Once you have read the listing, write it all out exactly.
■ ■ ■ ■
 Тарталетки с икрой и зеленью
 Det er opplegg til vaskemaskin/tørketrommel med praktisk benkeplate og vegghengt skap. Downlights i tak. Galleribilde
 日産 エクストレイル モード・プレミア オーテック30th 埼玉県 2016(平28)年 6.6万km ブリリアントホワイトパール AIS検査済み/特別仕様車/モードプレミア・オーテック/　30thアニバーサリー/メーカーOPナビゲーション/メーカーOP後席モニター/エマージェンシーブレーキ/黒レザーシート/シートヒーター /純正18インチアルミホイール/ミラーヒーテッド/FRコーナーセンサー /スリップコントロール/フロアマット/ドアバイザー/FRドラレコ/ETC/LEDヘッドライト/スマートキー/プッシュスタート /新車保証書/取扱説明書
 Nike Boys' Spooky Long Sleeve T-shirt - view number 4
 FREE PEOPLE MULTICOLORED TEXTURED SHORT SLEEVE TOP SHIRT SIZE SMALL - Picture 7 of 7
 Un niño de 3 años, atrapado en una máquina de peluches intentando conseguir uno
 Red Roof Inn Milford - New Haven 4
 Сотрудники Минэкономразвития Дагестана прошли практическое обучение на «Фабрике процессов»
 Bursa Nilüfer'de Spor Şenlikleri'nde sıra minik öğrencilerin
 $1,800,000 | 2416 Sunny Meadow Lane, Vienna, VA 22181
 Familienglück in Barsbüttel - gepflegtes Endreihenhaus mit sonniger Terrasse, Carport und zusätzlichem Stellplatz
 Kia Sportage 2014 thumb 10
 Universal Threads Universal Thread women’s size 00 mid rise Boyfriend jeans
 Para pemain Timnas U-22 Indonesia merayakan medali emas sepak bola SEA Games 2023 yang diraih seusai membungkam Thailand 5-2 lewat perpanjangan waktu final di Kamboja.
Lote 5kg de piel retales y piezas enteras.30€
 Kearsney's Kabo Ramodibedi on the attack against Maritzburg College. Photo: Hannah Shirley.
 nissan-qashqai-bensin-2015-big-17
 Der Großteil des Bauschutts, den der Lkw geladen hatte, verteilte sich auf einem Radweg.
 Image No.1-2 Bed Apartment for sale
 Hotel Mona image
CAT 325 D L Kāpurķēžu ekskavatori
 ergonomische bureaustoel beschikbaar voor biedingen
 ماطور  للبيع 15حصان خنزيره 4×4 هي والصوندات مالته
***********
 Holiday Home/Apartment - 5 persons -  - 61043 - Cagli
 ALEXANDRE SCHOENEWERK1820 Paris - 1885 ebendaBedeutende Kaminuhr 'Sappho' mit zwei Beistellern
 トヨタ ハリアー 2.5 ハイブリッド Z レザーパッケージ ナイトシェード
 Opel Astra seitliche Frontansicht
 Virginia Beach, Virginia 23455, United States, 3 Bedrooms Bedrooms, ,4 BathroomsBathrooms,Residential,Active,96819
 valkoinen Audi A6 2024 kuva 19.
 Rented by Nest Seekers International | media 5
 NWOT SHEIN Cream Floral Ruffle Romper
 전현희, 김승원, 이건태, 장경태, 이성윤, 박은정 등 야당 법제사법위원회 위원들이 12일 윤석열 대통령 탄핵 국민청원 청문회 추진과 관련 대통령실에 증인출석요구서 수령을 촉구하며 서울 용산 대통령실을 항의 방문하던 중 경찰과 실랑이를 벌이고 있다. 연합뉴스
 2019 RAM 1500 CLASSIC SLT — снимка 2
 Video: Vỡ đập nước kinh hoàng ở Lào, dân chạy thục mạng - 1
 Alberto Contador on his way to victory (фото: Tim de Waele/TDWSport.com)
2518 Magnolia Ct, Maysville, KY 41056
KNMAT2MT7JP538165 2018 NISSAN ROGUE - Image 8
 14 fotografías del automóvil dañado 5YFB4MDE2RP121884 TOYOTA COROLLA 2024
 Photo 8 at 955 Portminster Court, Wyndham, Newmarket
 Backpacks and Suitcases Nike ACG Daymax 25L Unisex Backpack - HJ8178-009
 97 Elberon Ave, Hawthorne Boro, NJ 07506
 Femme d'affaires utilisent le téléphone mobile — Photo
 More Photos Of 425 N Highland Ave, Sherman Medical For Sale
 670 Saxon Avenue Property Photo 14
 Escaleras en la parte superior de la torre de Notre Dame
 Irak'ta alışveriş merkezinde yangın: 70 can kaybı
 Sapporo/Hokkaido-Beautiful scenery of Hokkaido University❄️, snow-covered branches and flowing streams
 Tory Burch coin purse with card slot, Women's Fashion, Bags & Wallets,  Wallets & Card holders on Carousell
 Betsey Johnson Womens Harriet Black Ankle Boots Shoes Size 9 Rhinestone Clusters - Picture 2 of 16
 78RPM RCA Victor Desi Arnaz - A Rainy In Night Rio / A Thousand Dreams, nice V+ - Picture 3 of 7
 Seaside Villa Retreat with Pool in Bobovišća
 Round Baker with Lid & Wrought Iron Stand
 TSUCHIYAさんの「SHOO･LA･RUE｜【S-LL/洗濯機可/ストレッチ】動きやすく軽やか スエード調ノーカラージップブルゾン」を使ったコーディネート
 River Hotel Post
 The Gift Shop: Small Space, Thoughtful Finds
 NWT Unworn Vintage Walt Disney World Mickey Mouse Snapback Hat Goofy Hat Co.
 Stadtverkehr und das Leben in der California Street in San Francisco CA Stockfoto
■ ■ ■ ■
WRITTEN SOLUTION:
 Тарталетки с икрой и зеленью
 Det er opplegg til vaskemaskin/tørketrommel med praktisk benkeplate og vegghengt skap. Downlights i tak. Galleribilde
 日産 エクストレイル モード・プレミア オーテック30th 埼玉県 2016(平28)年 6.6万km ブリリアントホワイトパール AIS検査済み/特別仕様車/モードプレミア・オーテック/　30thアニバーサリー/メーカーOPナビゲーション/メーカーOP後席モニター/エマージェンシーブレーキ/黒レザーシート/シートヒーター /純正18インチアルミホイール/ミラーヒーテッド/FRコーナーセンサー /スリップコントロール/フロアマット/ドアバイザー/FRドラレコ/ETC/LEDヘッドライト/スマートキー/プッシュスタート /新車保証書/取扱説明書
 Nike Boys' Spooky Long Sleeve T-shirt - view number 4
 FREE PEOPLE MULTICOLORED TEXTURED SHORT SLEEVE TOP SHIRT SIZE SMALL - Picture 7 of 7
 Un niño de 3 años, atrapado en una máquina de peluches intentando conseguir uno
 Red Roof Inn Milford - New Haven 4
 Сотрудники Минэкономразвития Дагестана прошли практическое обучение на «Фабрике процессов»
 Bursa Nilüfer'de Spor Şenlikleri'nde sıra minik öğrencilerin
 $1,800,000 | 2416 Sunny Meadow Lane, Vienna, VA 22181
 Familienglück in Barsbüttel - gepflegtes Endreihenhaus mit sonniger Terrasse, Carport und zusätzlichem Stellplatz
 Kia Sportage 2014 thumb 10
 Universal Threads Universal Thread women’s size 00 mid rise Boyfriend jeans
 Para pemain Timnas U-22 Indonesia merayakan medali emas sepak bola SEA Games 2023 yang diraih seusai membungkam Thailand 5-2 lewat perpanjangan waktu final di Kamboja.
Lote 5kg de piel retales y piezas enteras.30€
 Kearsney's Kabo Ramodibedi on the attack against Maritzburg College. Photo: Hannah Shirley.
 nissan-qashqai-bensin-2015-big-17
 Der Großteil des Bauschutts, den der Lkw geladen hatte, verteilte sich auf einem Radweg.
 Image No.1-2 Bed Apartment for sale
 Hotel Mona image
CAT 325 D L Kāpurķēžu ekskavatori
 ergonomische bureaustoel beschikbaar voor biedingen
 ماطور  للبيع 15حصان خنزيره 4×4 هي والصوندات مالته
***********
 Holiday Home/Apartment - 5 persons -  - 61043 - Cagli
 ALEXANDRE SCHOENEWERK1820 Paris - 1885 ebendaBedeutende Kaminuhr 'Sappho' mit zwei Beistellern
 トヨタ ハリアー 2.5 ハイブリッド Z レザーパッケージ ナイトシェード
 Opel Astra seitliche Frontansicht
 Virginia Beach, Virginia 23455, United States, 3 Bedrooms Bedrooms, ,4 BathroomsBathrooms,Residential,Active,96819
 valkoinen Audi A6 2024 kuva 19.
 Rented by Nest Seekers International | media 5
 NWOT SHEIN Cream Floral Ruffle Romper
 전현희, 김승원, 이건태, 장경태, 이성윤, 박은정 등 야당 법제사법위원회 위원들이 12일 윤석열 대통령 탄핵 국민청원 청문회 추진과 관련 대통령실에 증인출석요구서 수령을 촉구하며 서울 용산 대통령실을 항의 방문하던 중 경찰과 실랑이를 벌이고 있다. 연합뉴스
 2019 RAM 1500 CLASSIC SLT — снимка 2
 Video: Vỡ đập nước kinh hoàng ở Lào, dân chạy thục mạng - 1
 Alberto Contador on his way to victory (фото: Tim de Waele/TDWSport.com)
2518 Magnolia Ct, Maysville, KY 41056
KNMAT2MT7JP538165 2018 NISSAN ROGUE - Image 8
 14 fotografías del automóvil dañado 5YFB4MDE2RP121884 TOYOTA COROLLA 2024
 Photo 8 at 955 Portminster Court, Wyndham, Newmarket
 Backpacks and Suitcases Nike ACG Daymax 25L Unisex Backpack - HJ8178-009
 97 Elberon Ave, Hawthorne Boro, NJ 07506
 Femme d'affaires utilisent le téléphone mobile — Photo
 More Photos Of 425 N Highland Ave, Sherman Medical For Sale
 670 Saxon Avenue Property Photo 14
 Escaleras en la parte superior de la torre de Notre Dame
 Irak'ta alışveriş merkezinde yangın: 70 can kaybı
 Sapporo/Hokkaido-Beautiful scenery of Hokkaido University❄️, snow-covered branches and flowing streams
 Tory Burch coin purse with card slot, Women's Fashion, Bags & Wallets,  Wallets & Card holders on Carousell
 Betsey Johnson Womens Harriet Black Ankle Boots Shoes Size 9 Rhinestone Clusters - Picture 2 of 16
 78RPM RCA Victor Desi Arnaz - A Rainy In Night Rio / A Thousand Dreams, nice V+ - Picture 3 of 7
 Seaside Villa Retreat with Pool in Bobovišća
 Round Baker with Lid & Wrought Iron Stand
 TSUCHIYAさんの「SHOO･LA･RUE｜【S-LL/洗濯機可/ストレッチ】動きやすく軽やか スエード調ノーカラージップブルゾン」を使ったコーディネート
 River Hotel Post
 The Gift Shop: Small Space, Thoughtful Finds
 NWT Unworn Vintage Walt Disney World Mickey Mouse Snapback Hat Goofy Hat Co.
 Stadtverkehr und das Leben in der California Street in San Francisco CA Stockfoto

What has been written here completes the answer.